The Manufactured Crisis of Black Women and Federal Job Cuts

In the wake of recent federal workforce reductions, left-leaning media outlets and progressive commentators have sounded the alarm. The reported loss of nearly 300,000 federal jobs, disproportionately held by Black women, has been cast as a racially motivated economic attack—one allegedly engineered by the Trump administration or its ideological heirs. The headlines are emotional, the rhetoric is sharp, and the accusations are familiar. But the facts? They tell a far less conspiratorial story—one that says more about identity-based hiring practices than about any deliberate targeting of one demographic group.

Let’s start with the numbers. Black women make up around 12% of the federal workforce, while accounting for only 6.5% of the broader U.S. workforce and roughly 7% to 8% of working-age women nationally. This means they are overrepresented in federal employment, not underrepresented.

So when job cuts happen—whether for budgetary reasons, streamlining efforts, or simply a change in administrative priorities—it’s not shocking that Black women are affected in greater numbers. That’s a mathematical certainty, not a malicious plot. The more pressing question is one few are willing to ask: Why were Black women hired into federal positions in such disproportionate numbers in the first place?

The answer lies in the rise and institutionalization of DEI—diversity, equity, and inclusion—as a federal hiring priority, especially during the Biden administration. During that period, agencies were instructed to ensure diversity not just as a consideration but as a measurable outcome. Hiring pipelines were structured to meet identity-based goals, often favoring race and gender over experience or qualification.

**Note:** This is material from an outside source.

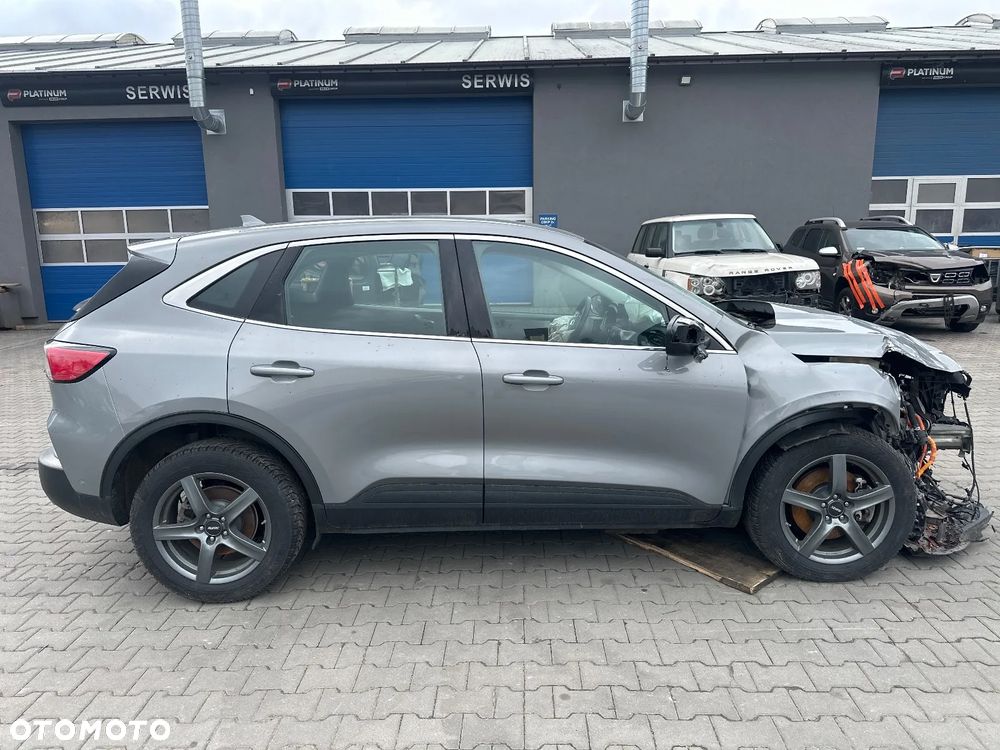 Ford Kuga - 6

This is not to say that every Black woman in federal service was unqualified. But it does mean that many were hired through mechanisms designed to meet ideological quotas, not meritocratic standards. Now that the political winds have shifted, and efforts to reduce government bloat are back on the table, the same DEI-based hiring practices are unraveling. The result? Layoffs that mirror the overrepresentation. This isn’t oppression—it’s a natural consequence of ideological hiring and budget correction colliding. Yet, we’re being told to believe that these job losses are part of a racist scheme to deliberately harm Black women. That simply doesn’t hold up under scrutiny.

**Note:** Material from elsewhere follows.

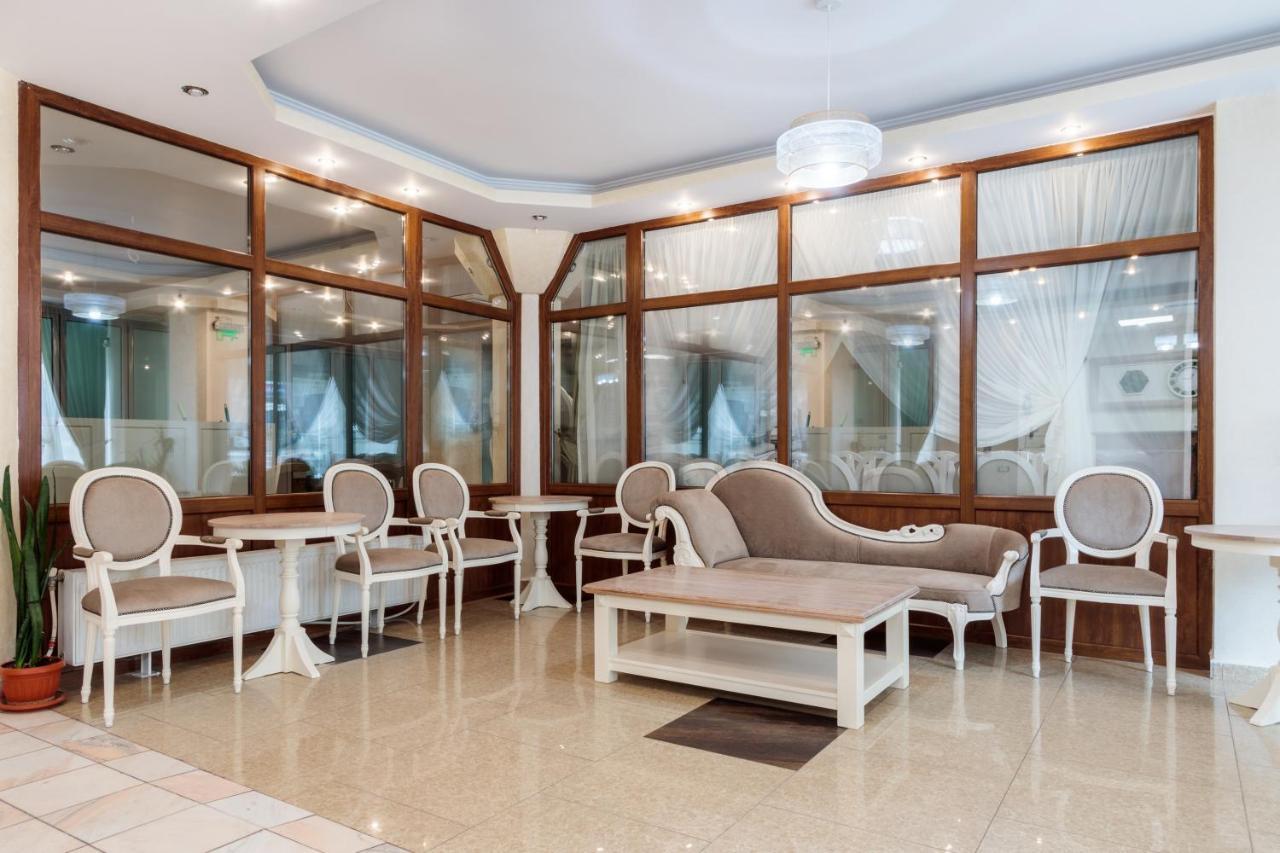 Hotel Central - Бэи­ле-Олэ­неш­ти Экстерьер фото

What’s more, this narrative is being advanced alongside the widely promoted belief that Black women are “the most educated demographic” in America. If that’s true—and we are constantly told that it is—then why the panic? If today’s Black women are as highly educated, capable, and professionally valuable as media and academia claim, then the transition from federal work to private sector opportunity should be seamless. Their skills should be in demand. Their success stories should multiply.

The outcry we’re seeing doesn’t suggest confidence—it suggests dependence.

More specifically, it suggests entitlement: entitlement to a specific kind of job, a specific kind of employer, and a specific kind of institutional protection. The outrage implies that government jobs are owed—perhaps permanently—to those who once benefitted from DEI-fueled hiring initiatives. That’s not how a competitive society works. That’s not how a healthy workforce functions. Jobs in the federal government are not lifetime appointments. They are positions subject to budget constraints, administrative priorities, and shifts in national policy.

Nobody—regardless of race or gender—is guaranteed permanent employment simply because their hiring once fit a politically fashionable narrative. Blaming racism every time that reality reasserts itself is not only intellectually lazy—it’s corrosive. It undermines legitimate instances of discrimination, and it weaponizes identity against policy decisions that are often neutral in intent but inconvenient in effect. Rather than retreating to the tired trope of victimhood, perhaps it's time for those affected to rise to the occasion. If the talent, education, and ability are truly there, then the private sector—and the entrepreneurial landscape—awaits.

Careers aren't handed out—they're built, rebuilt, and adapted. The federal government was never meant to be a jobs program for any one demographic group. It exists to serve the public good, not to satisfy the ideological demands of DEI advocates.

What we’re seeing today isn’t a crisis of racism—it’s a reckoning with reality. I'd say that it's long overdue.